The second should be a clear ban on programmable money for citizen use. There should be no expirations, spending restrictions by category, preemptive freezes without judicial oversight, or user segmentation based on social or political profile. The third guarantee is strict minimization of data collection, with independent audits and transparency about what each actor can see.

The fourth should be interoperability and auditable code in critical components. If the digital euro is proposed as a public infrastructure, it cannot be a black box understood only by the ECB, selected providers, and consulting firms. The fifth is democratic governance: any significant change in limits, privacy, access, or data should undergo parliamentary review, not be decided solely by technical or administrative means.

Technology Doesn’t Always Expand Rights

The digital euro is marketed as a modernization. But digitizing a fundamental social function doesn’t always expand rights. Often, it reduces them when it replaces free technology with permissioned infrastructure. And money is too important to treat like just another banking app.

Europe is right to seek independence from external payment providers. It’s right to worry about private stablecoins and large tech platforms. But responding to these risks with a digital currency that might weaken practical anonymity, introduce technical limits, and normalize a state-controlled monetary layer should be resisted.

The digital euro can be useful for certain cases. It can improve pan-European payments and provide a public alternative. But if the cost is bringing everyday money closer to a surveillable, configurable, and limited infrastructure, technological progress becomes a step backward for citizens.

Freedom is lost not only when someone bans it but also when a simple, anonymous tool is replaced by a more convenient yet more controllable one. In payments, this difference matters. And the digital euro warrants a debate before it’s too late.

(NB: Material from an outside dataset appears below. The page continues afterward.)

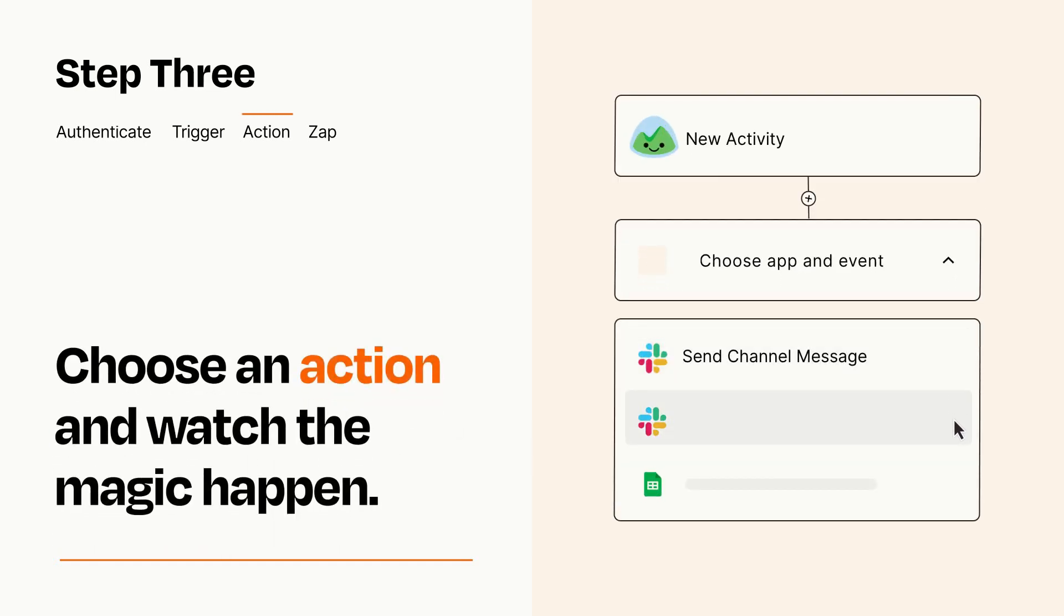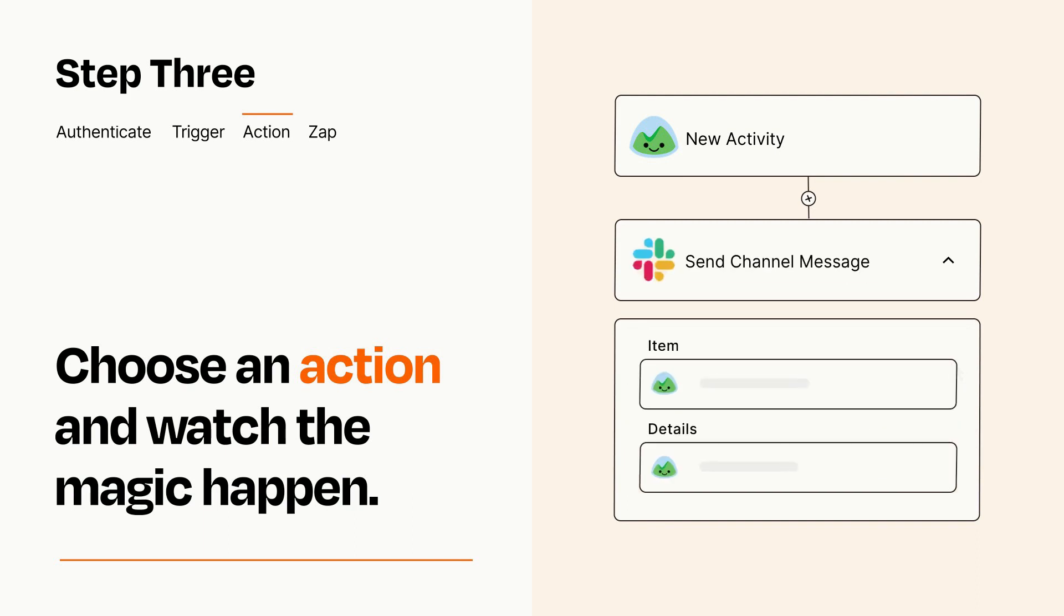You'll see a bunch of fields where you can specify the details of your Zap. You can type free form text or pull data in from your trigger step as needed.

Frequently Asked Questions

Is the digital euro officially approved?
No. The European Parliament’s Committee on Economic and Monetary Affairs has approved its position, but the final text must be negotiated with the Council before it becomes law.

How could it affect privacy?
Because online payments would operate within a regulated digital infrastructure with identifiable user data and compliance obligations. The promise of privacy is made, but it doesn’t equal the practical anonymity of cash.

Will the digital euro replace physical cash?
Officially, no. Still, critics fear that cash could diminish in use if banks, merchants, or governments push toward digital payments.

What is the biggest risk of the digital euro?
That an infrastructure presented as convenient and sovereign ends up normalizing technical limits, traceability, and modifiable rules over citizens’ everyday money.